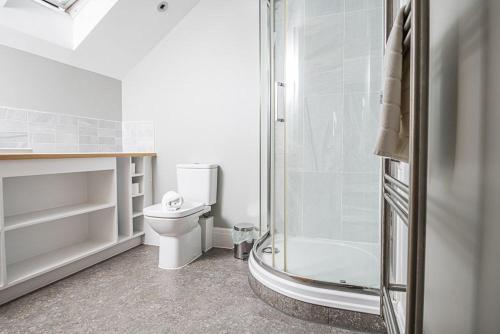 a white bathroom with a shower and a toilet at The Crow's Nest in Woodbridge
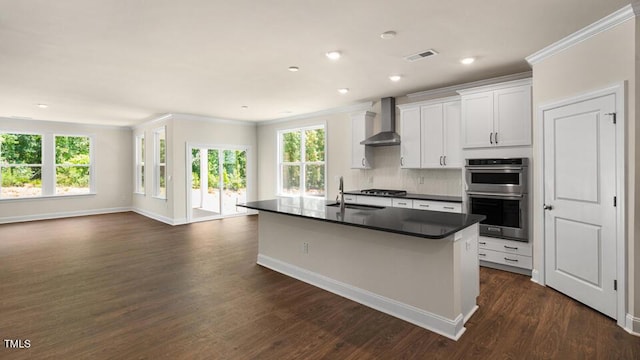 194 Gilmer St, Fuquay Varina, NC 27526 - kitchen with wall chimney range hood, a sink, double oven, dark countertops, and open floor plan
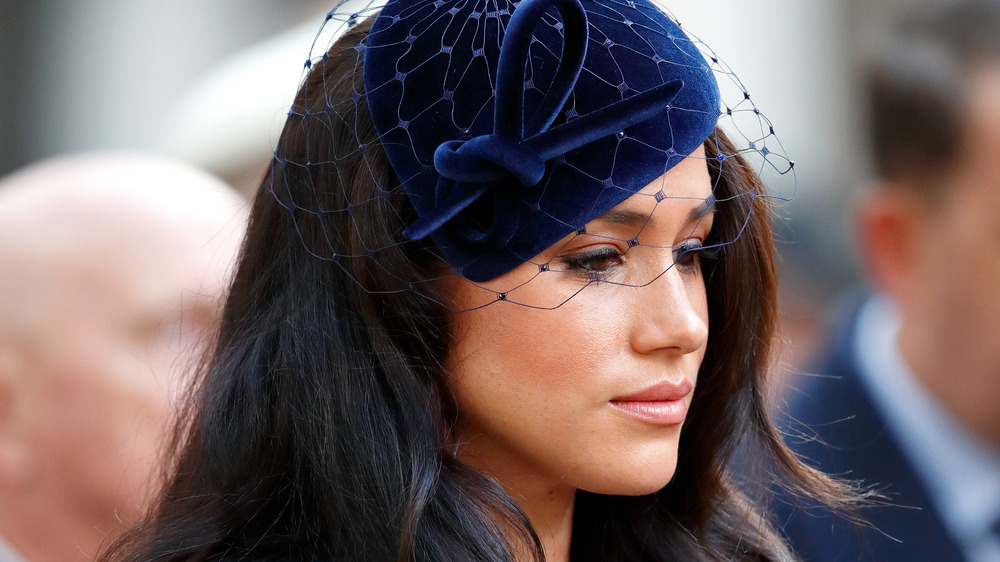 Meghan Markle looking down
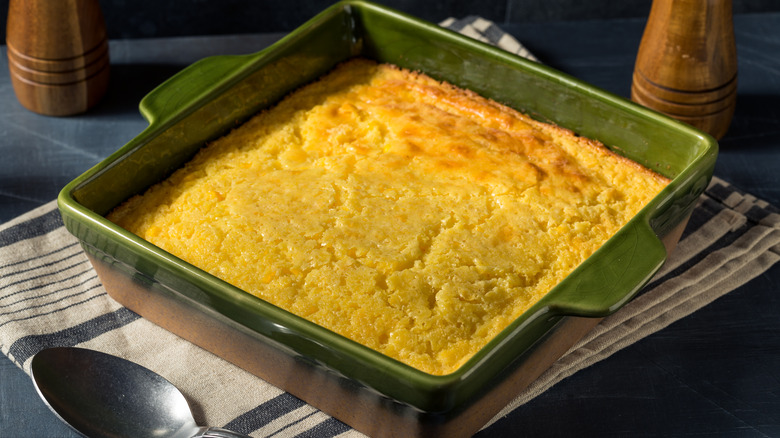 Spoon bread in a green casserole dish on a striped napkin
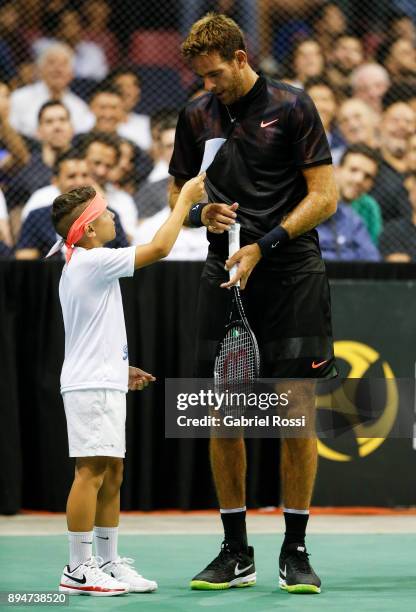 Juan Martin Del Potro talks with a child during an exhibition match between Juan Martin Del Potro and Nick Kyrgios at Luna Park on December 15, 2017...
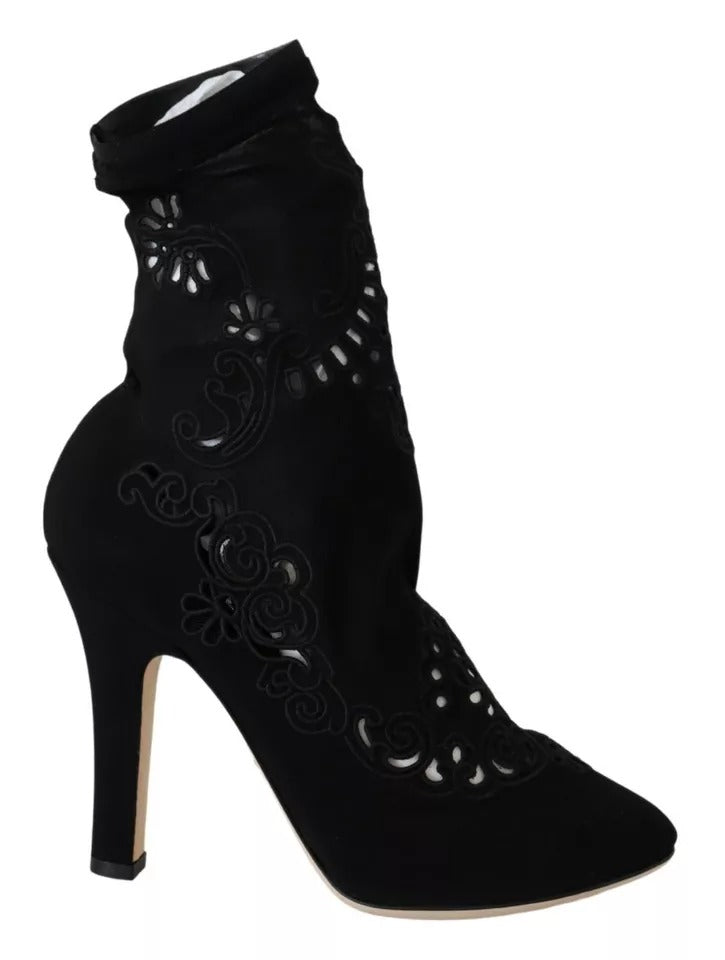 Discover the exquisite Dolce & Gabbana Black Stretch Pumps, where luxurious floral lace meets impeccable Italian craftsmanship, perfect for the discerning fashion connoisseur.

# # # # #

▶ What the task requires
Reproduce the entire listing above precisely, but keep the images out.

▶ Solution to the exercise
 a white bathroom with a shower and a toilet at The Crow's Nest in Woodbridge
 194 Gilmer St, Fuquay Varina, NC 27526 - kitchen with wall chimney range hood, a sink, double oven, dark countertops, and open floor plan
 Meghan Markle looking down
 Spoon bread in a green casserole dish on a striped napkin
 Juan Martin Del Potro talks with a child during an exhibition match between Juan Martin Del Potro and Nick Kyrgios at Luna Park on December 15, 2017...
 Discover the exquisite Dolce & Gabbana Black Stretch Pumps, where luxurious floral lace meets impeccable Italian craftsmanship, perfect for the discerning fashion connoisseur.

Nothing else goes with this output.